» Activity:
Please copy, exactly as written, the span from the first line below to the line that contains "Actors James Hayes", including both, and skip the pictures.

» Crawled caption data:

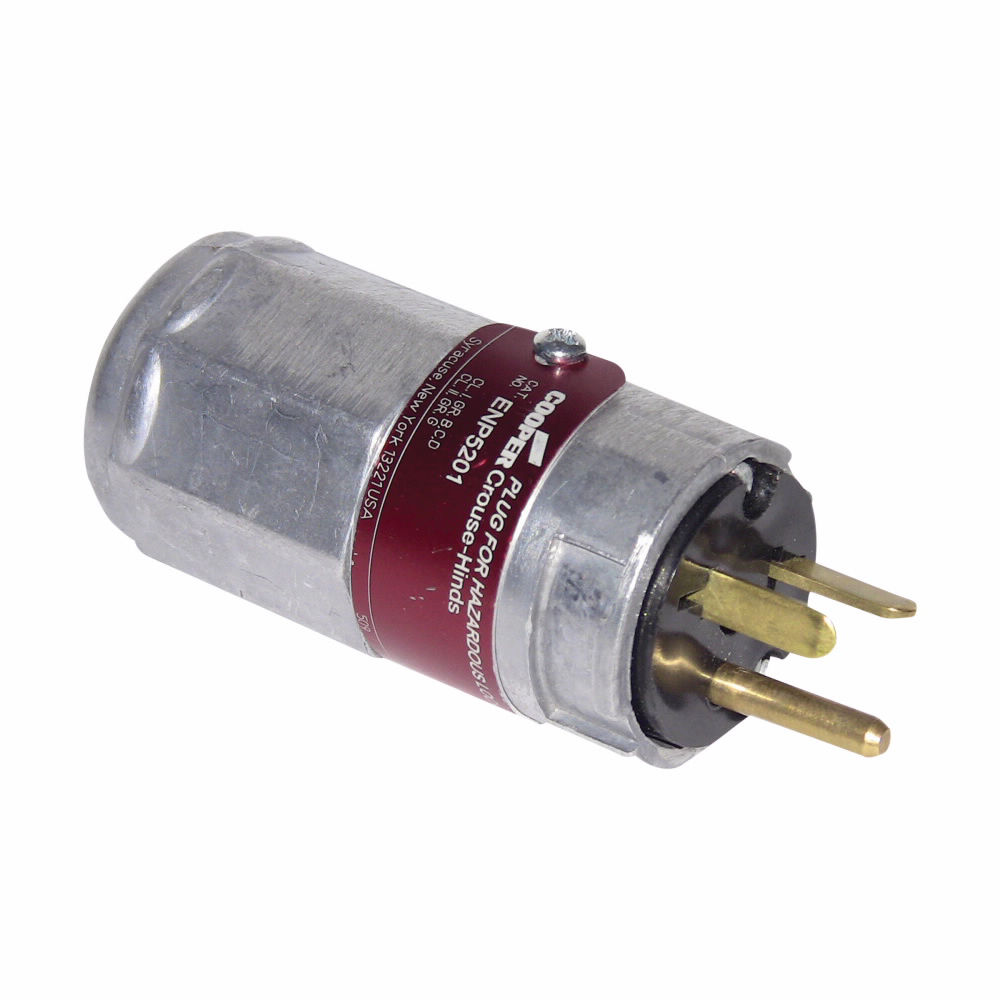 Crouse-Hinds Series ENP5201 Ark Gard 125 Volt 20 Amp FS Plug Crouse-Hinds Series ENP5201 Ark Gard 125 Volt 20 Amp FS Plug
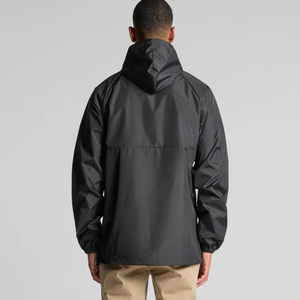 Veste à capuche coupe-vent d'extérieur manteau léger design en blocs de couleurs hydrofuge veste de sport pour hommes avec logo personnalisé - Product Image 4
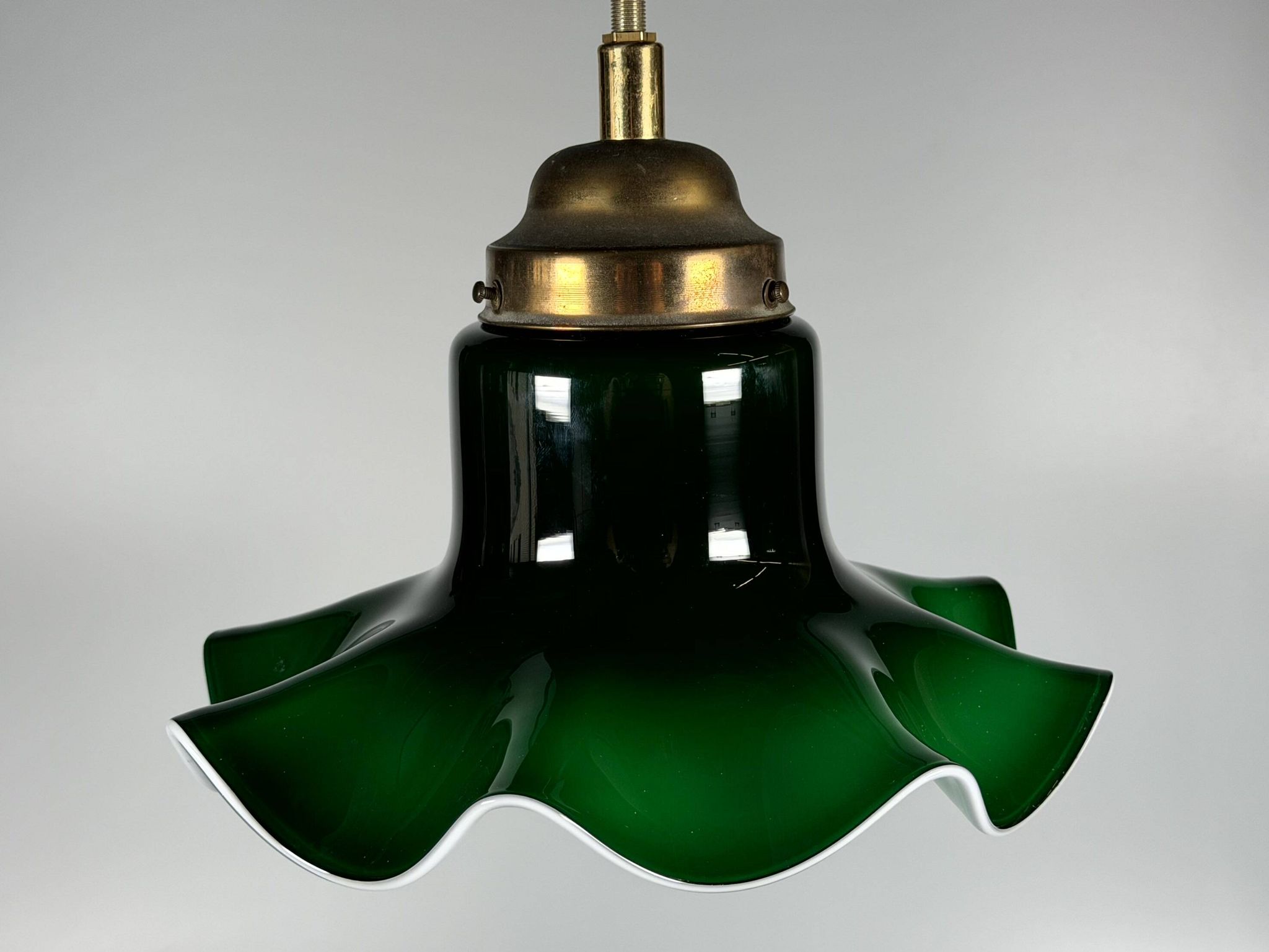 1960s 1970s Hanging Lamp from Peill & Putzler Germany Space Age Design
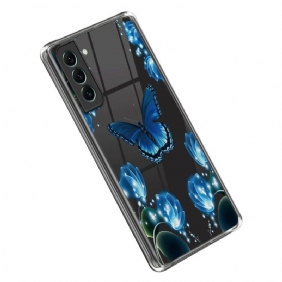 Hoesje voor Samsung Galaxy S23 Plus 5G Blauwe Vlinders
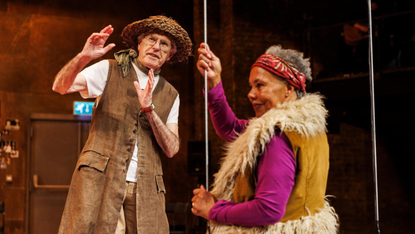 Actors James Hayes and Cleo Sylvestre on stage in As You Like It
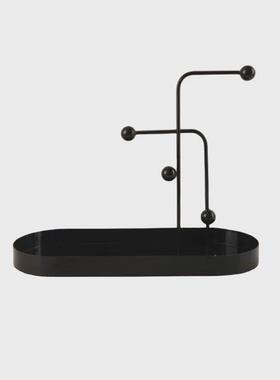 新中式金属异形收纳托盘摆件样板房办公室茶几客厅家居装饰品桌面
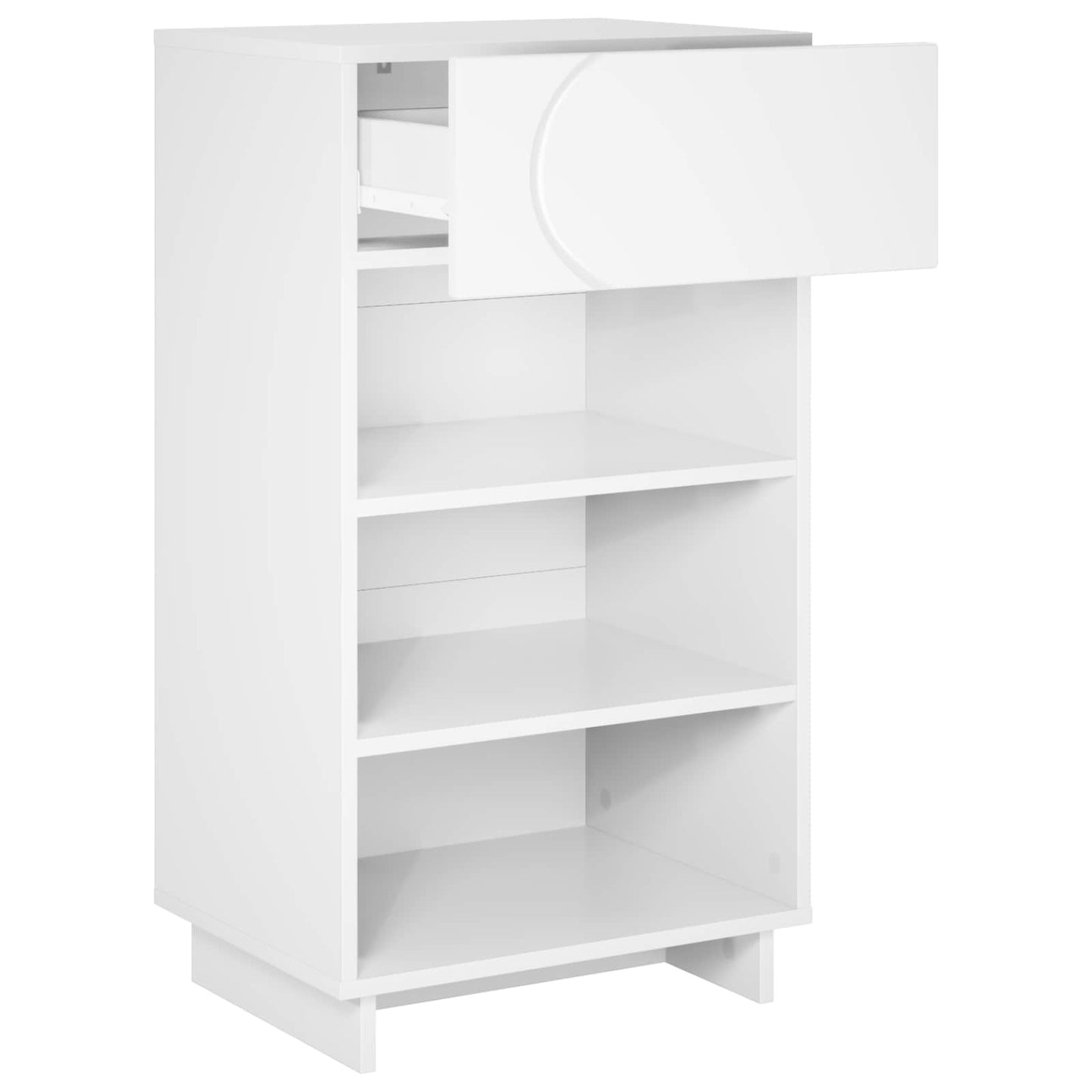 vidaXL Ντουλάπα Παπουτσιών 48 x 38 x 87,5 εκ. Επεξεργασμένο Ξύλο Λευκό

» Task answer:
 Crouse-Hinds Series ENP5201 Ark Gard 125 Volt 20 Amp FS Plug Crouse-Hinds Series ENP5201 Ark Gard 125 Volt 20 Amp FS Plug
 Veste à capuche coupe-vent d'extérieur manteau léger design en blocs de couleurs hydrofuge veste de sport pour hommes avec logo personnalisé - Product Image 4
 1960s 1970s Hanging Lamp from Peill & Putzler Germany Space Age Design
 Hoesje voor Samsung Galaxy S23 Plus 5G Blauwe Vlinders
 Actors James Hayes and Cleo Sylvestre on stage in As You Like It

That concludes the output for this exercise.